O raciocínio municipal é simples: se o valor de referência indica que o imóvel vale muito mais do que o valor venal atual, a prefeitura pode concluir que deve cobrar mais. O CIB, portanto, não altera a lei do IPTU, mas fornece dados que podem justificar a correção dos valores venais defasados. A decisão de reajustar a base de cálculo do imposto, porém, cabe a cada município.
Os efeitos da nova tributação de aluguéis com a reforma tributária
Para os proprietários que se enquadrarem nas novas regras de IBS e CBS sobre locação, o Fisco não cobrará o IPTU em dobro. O contribuinte pode abater o IPTU da base de cálculo do novo imposto sobre consumo.
A reforma tributária visa evitar distorções na conta do aluguel. IBS e CBS incidirão sobre o valor do aluguel, juros e multas. A lei prevê, contudo, que o contribuinte remova condomínio, IPTU e emolumentos da base de cálculo.
A tributarista Bianca Xavier, professora da FGV Direito Rio, explica que, na apuração do tributo, o contribuinte pode descontar o valor dos impostos (como o IPTU) e do condomínio.
Este mecanismo impede que o proprietário pague o novo imposto sobre custos que apenas repassa, como o IPTU. O imposto predial permanece como um custo municipal. O proprietário o paga diretamente ou o repassa ao inquilino, mas o retira da base de cálculo de IBS e CBS.
Quem será tributado por IBS e CBS na locação?
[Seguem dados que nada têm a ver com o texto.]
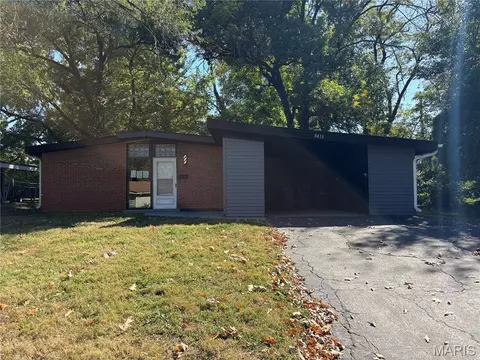 8410 Bayberry Dr, Berkeley, MO 63134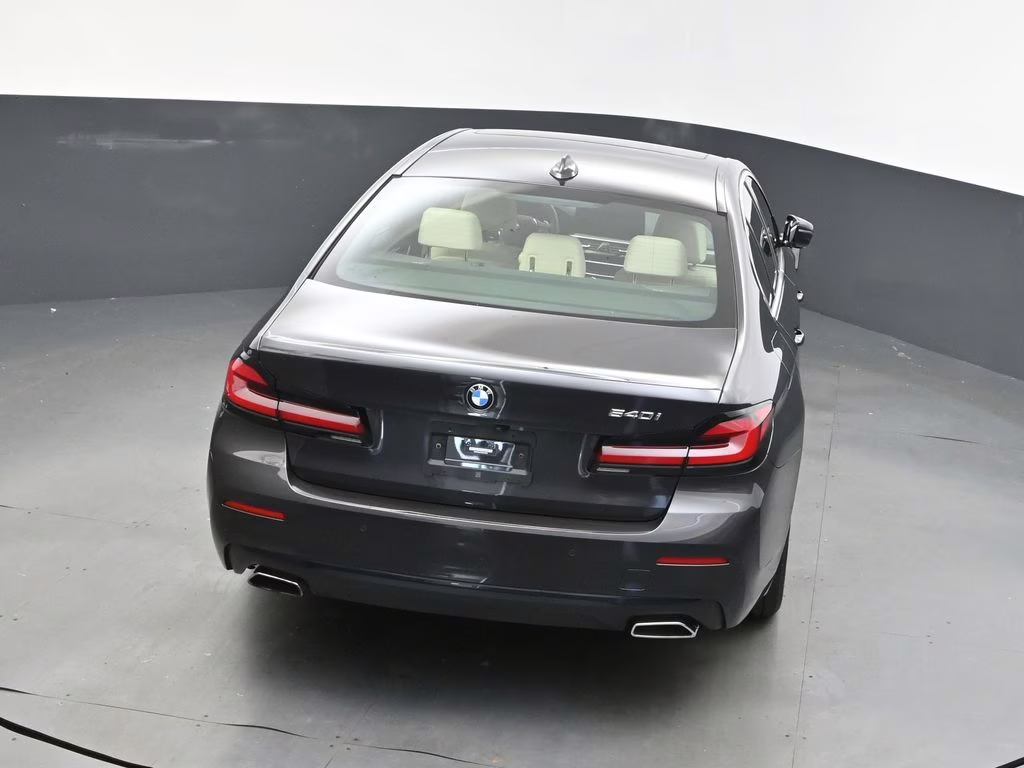 2022 Dark Graphite Metallic BMW 5 Series 540i RWD Sedan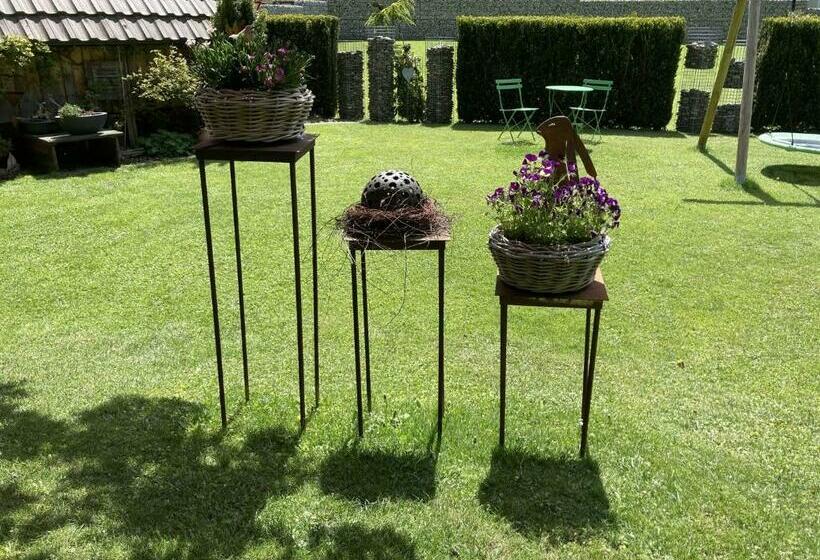 פנסיון Zani Helga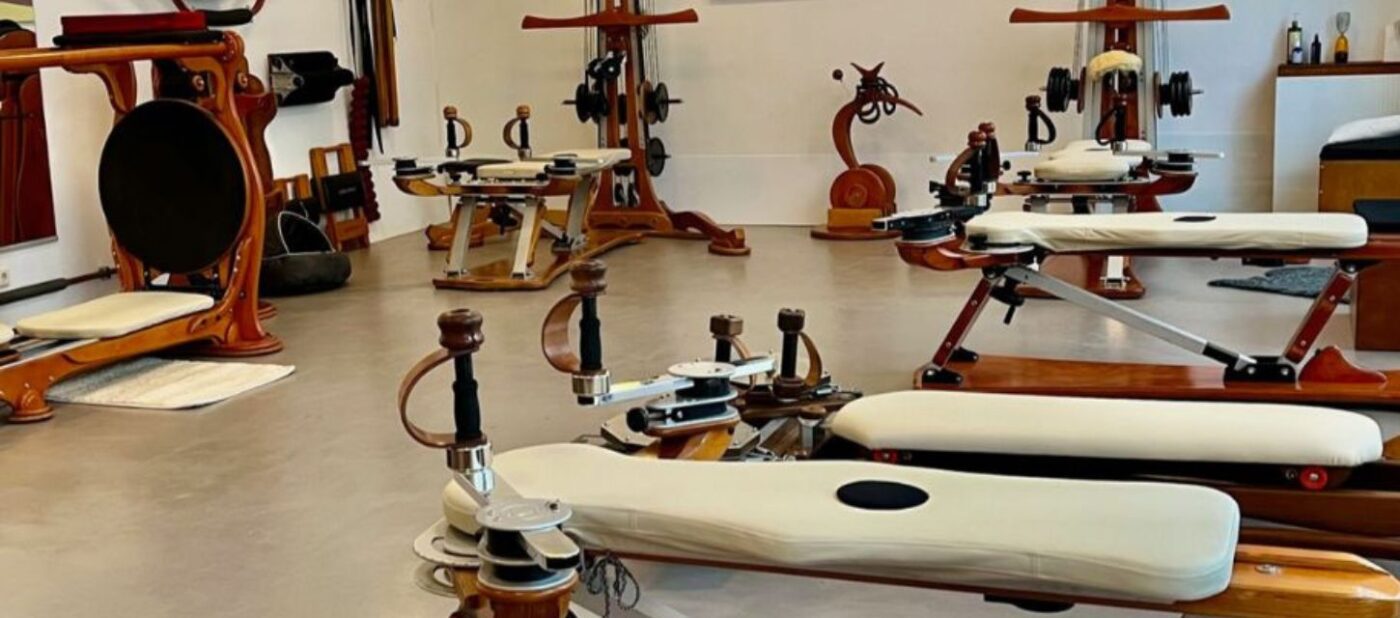 ELEMENTS wipeable cover for GYROTONIC Tower bench sand shell colour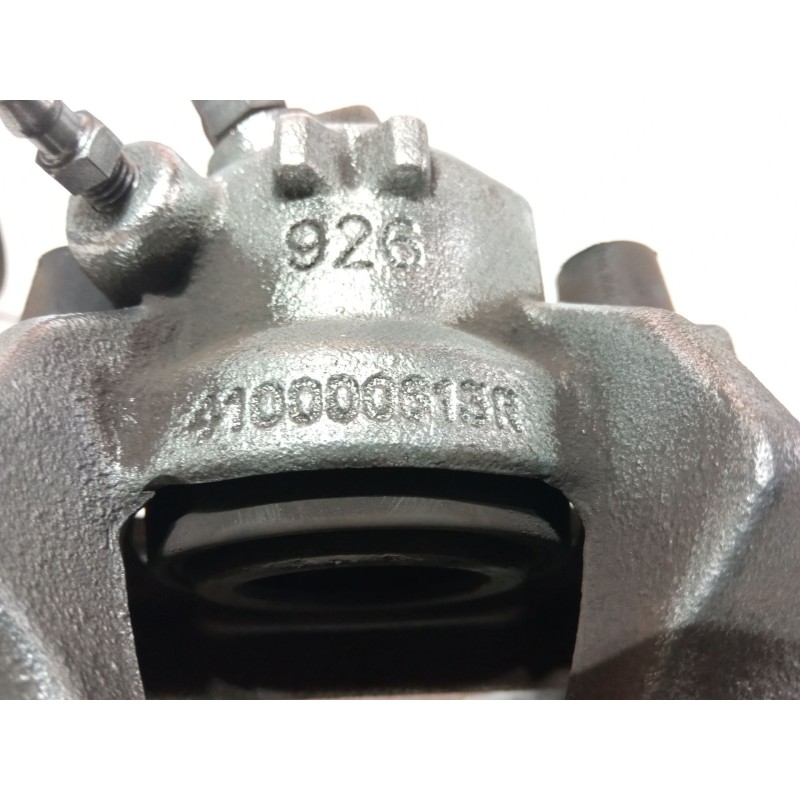 Recambio de pinza freno delantera derecha para dacia sandero ii 1.5 dci 75 / blue dci 75 (b8jw, b8m4, b8ah, b8m7, b8m6) referenc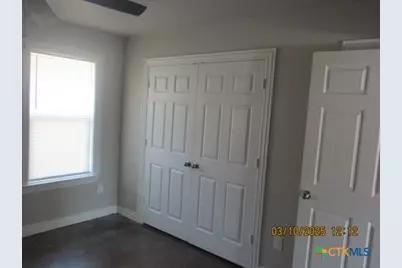906 S 18th Street, Temple, TX 76501 - Photo 12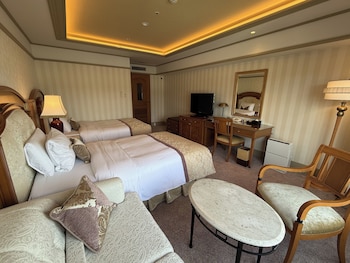 Executive Twin Room, Non Smoking (36-38sqm High floor)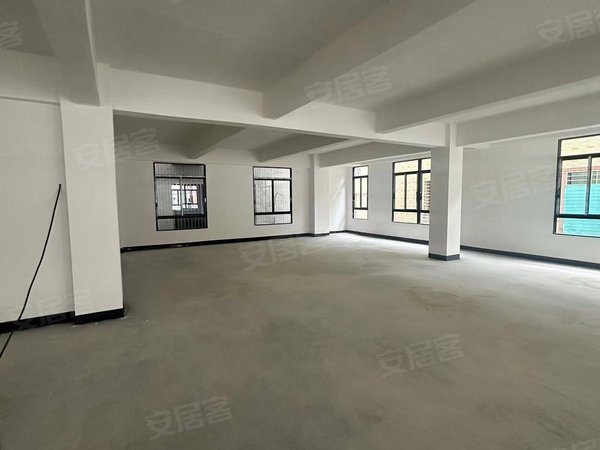 汕头龙湖新溪镇西南村自建房新溪下九合路边整栋,可分租,每层350平,有电梯,停车方便出租房源真实图片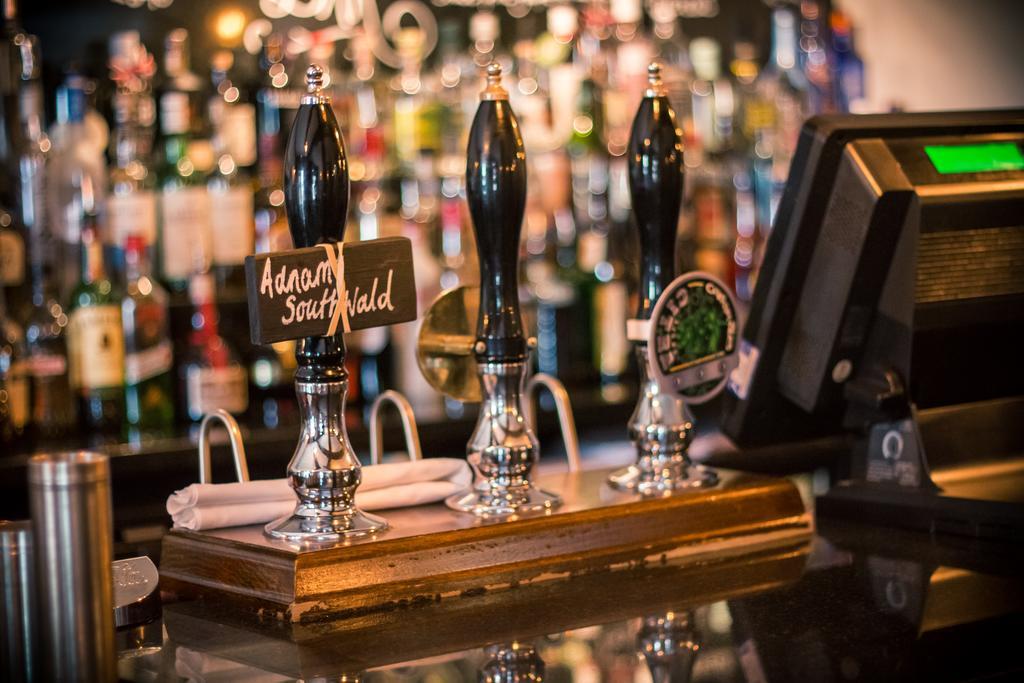 The Saracens Head Hotel Great Dunmow Bagian luar foto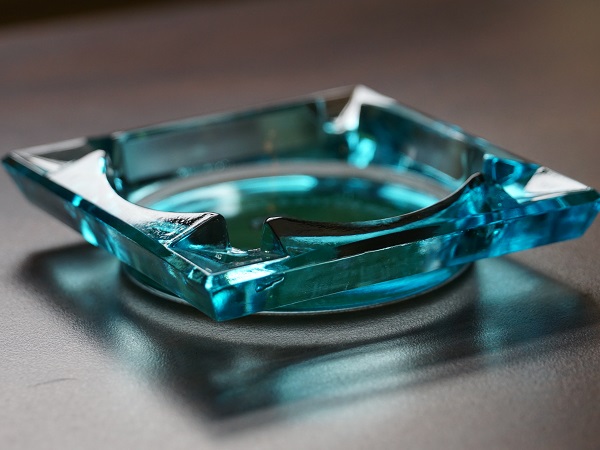 VINTAGE TRAVE LODGE ASHTRAY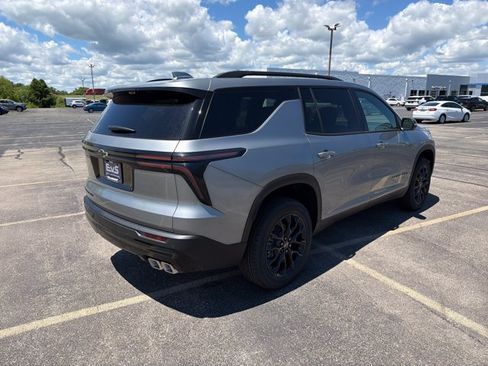 New 2026 Chevrolet Traverse LT w/ Midnight/Sport Edition AWD/4WD image 5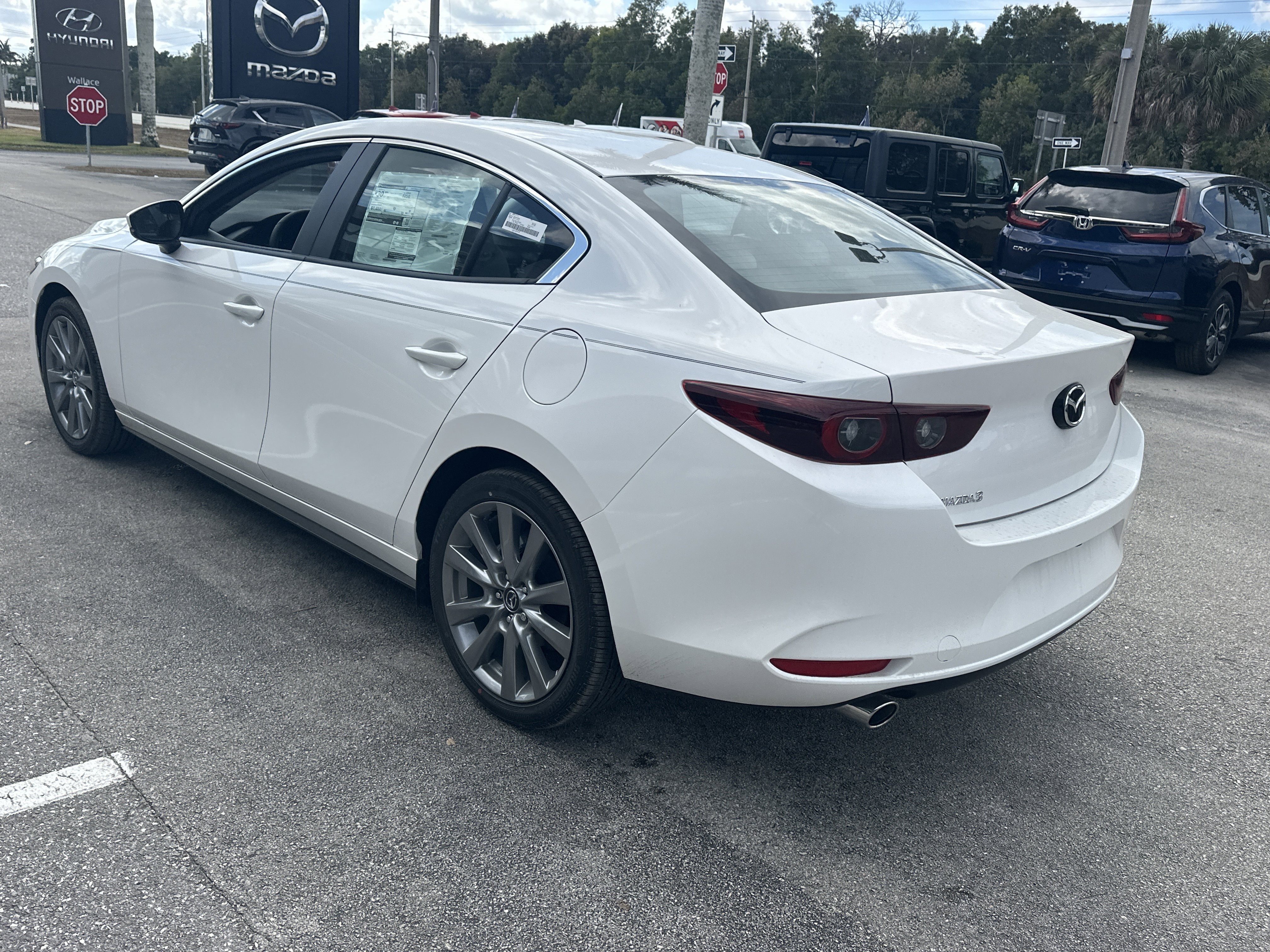 New 2026 MAZDA MAZDA3 2.5 S Sedan w/ Preferred Pkg image 9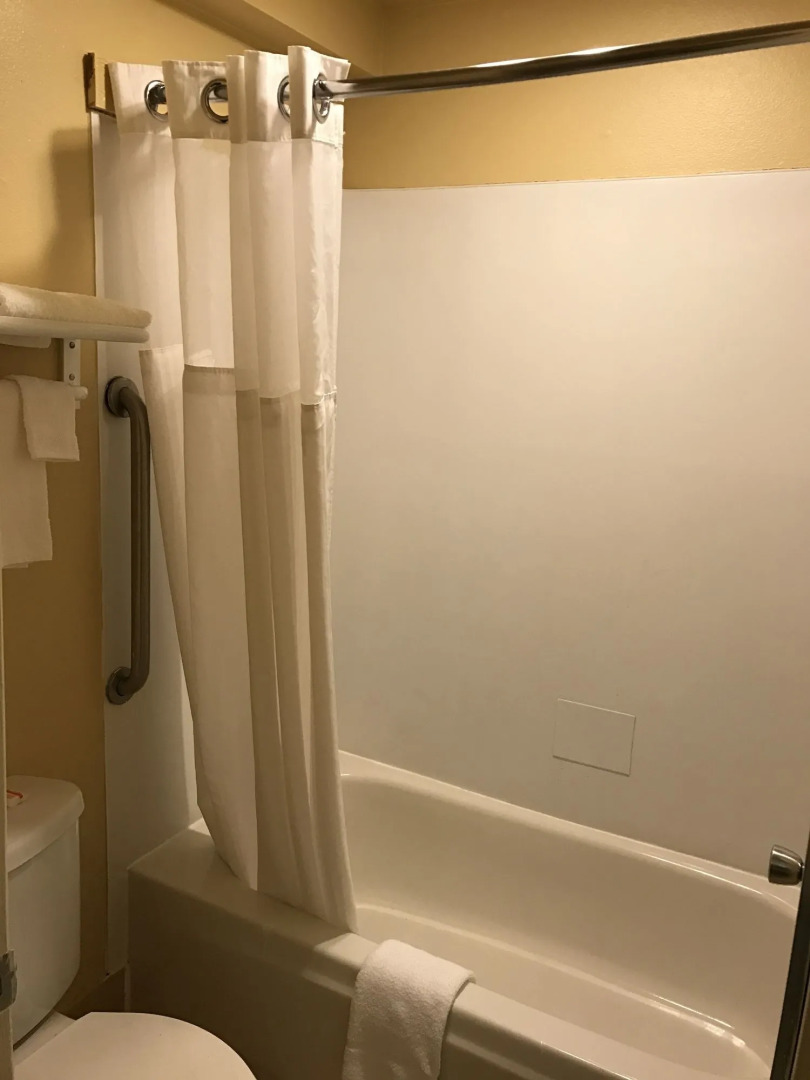 Travelodge by Wyndham Tacoma Near McChord AFB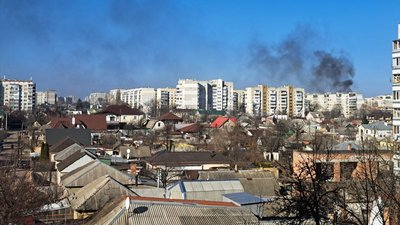Чорний дим у Черкасах: загорілося сміття, вогонь перекинувся на автомийку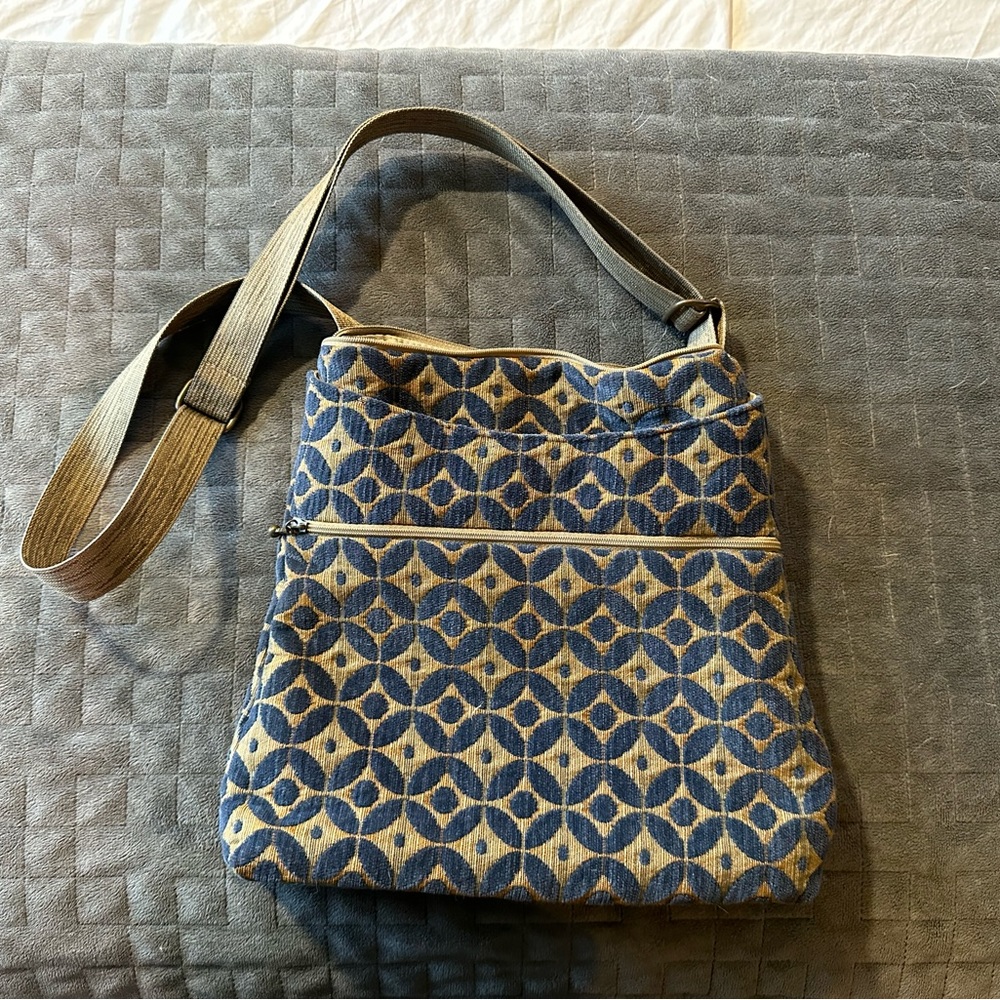 Never used Maruca Spree bag- discontinued color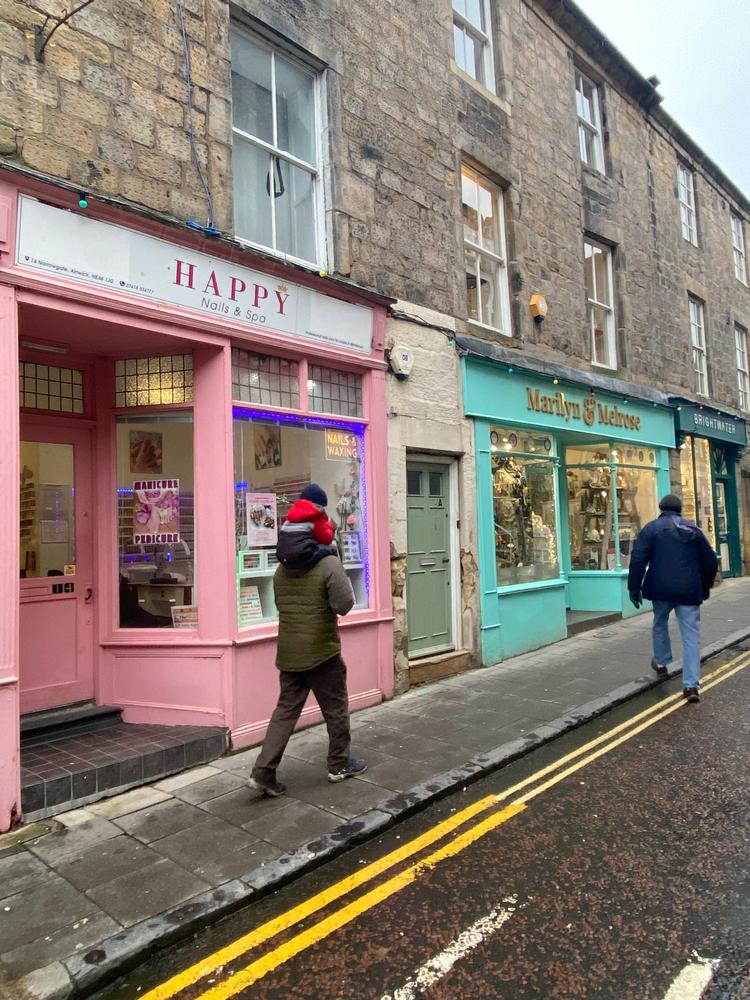 Alnwick er en gammel handelsby med et livligt centrum. Sandstensmurene får modspil fra de farverige butiksfacader.  Foto: Kristoffer Flakstad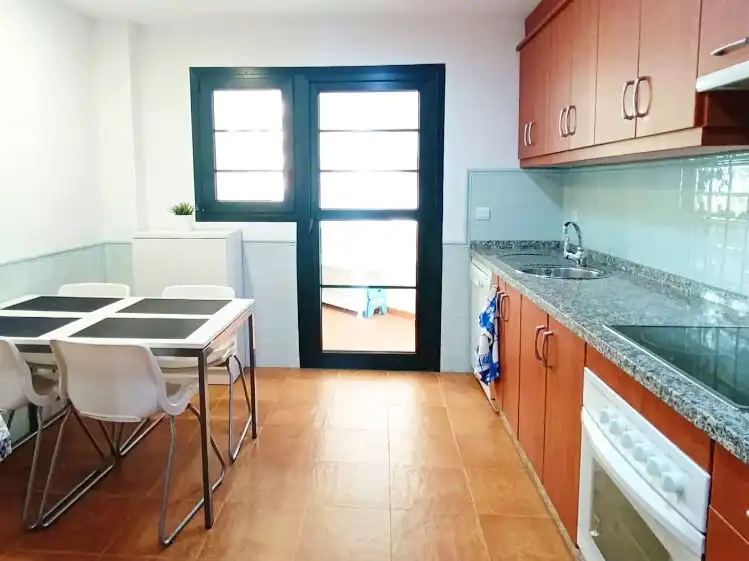 Wohnung zum Verkauf in Calle Casa de Santa Margarita, 7, Isla Canela Küche von Wohnung zum Verkauf in Ayamonte mit Heizung, Privatgarten und Parkett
O novo regime de tributação sobre aluguéis começa em 2027. O Fisco tributará apenas pessoas físicas com atividade econômica que preencham dois critérios cumulativos:
- Possuir mais de três imóveis alugados
- Ter receita anual de aluguéis superior a R$ 240 mil (corrigidos pelo IPCA)
Quem não atender a ambos os critérios permanece no regime atual de tributação pela tabela progressiva do Imposto de Renda.
Para quem se enquadrar, a alíquota será reduzida em 70% em relação à alíquota padrão de IBS e CBS. Existe ainda um abatimento mensal de R$ 600 na base de cálculo para locação residencial.
O que esperar: custos repassados e ações imediatas
A implementação do CIB e a possível atualização do IPTU trazem consequências diretas ao mercado imobiliário. Se as prefeituras reajustarem o IPTU, proprietários tenderão a repassar o custo aos inquilinos.
Além do IPTU, a nova incidência de IBS e CBS sobre locações de alto volume a partir de 2027 elevará os preços. O advogado Vinicius Cunha orienta que os locadores insiram cláusulas contratuais, via aditivos, prevendo expressamente o repasse do IBS e CBS.
A tributarista Andressa Sehn da Costa, sócia da área de entidades no escritório Rafael Pandolfo Advogados Associado, ressalta que a Lei Complementar 214/2025 estabelece prazos apertados para adequação dos contratos em vigência, com limite em 31 de dezembro de 2025.
Proprietários com contratos antigos (com firma reconhecida antes de janeiro de 2025) têm até essa data para registrar o contrato no Registro Geral de Imóveis (RGI) e ter direito a uma redução ainda maior do novo imposto.
O que os donos de imóveis devem fazer agora com a reforma tributária?
O impacto no bolso virá de dois lados. Primeiro, a possível atualização de valores venais defasados pelas prefeituras, com consequente reajuste do IPTU. Segundo, a nova tributação sobre locações de alto volume (mais de três imóveis e receita anual acima de R$ 240 mil). Proprietários tendem a repassar ambos os custos aos inquilinos, elevando o preço dos aluguéis.
Os especialistas recomendam três ações imediatas:
- Regularizar contratos de aluguel: Proprietários com contratos antigos devem registrá-los no RGI até 31 de dezembro de 2025 para garantir redução adicional do IBS/CBS.
- Declarar rendimentos omitidos: Quem nunca declarou aluguéis deve fazer declaração espontânea antes de 2026, evitando multas de até 150%.
- Revisar estratégia tributária: Proprietários com mais de três imóveis e receita anual acima de R$ 240 mil devem consultar um tributarista para avaliar o impacto do novo regime.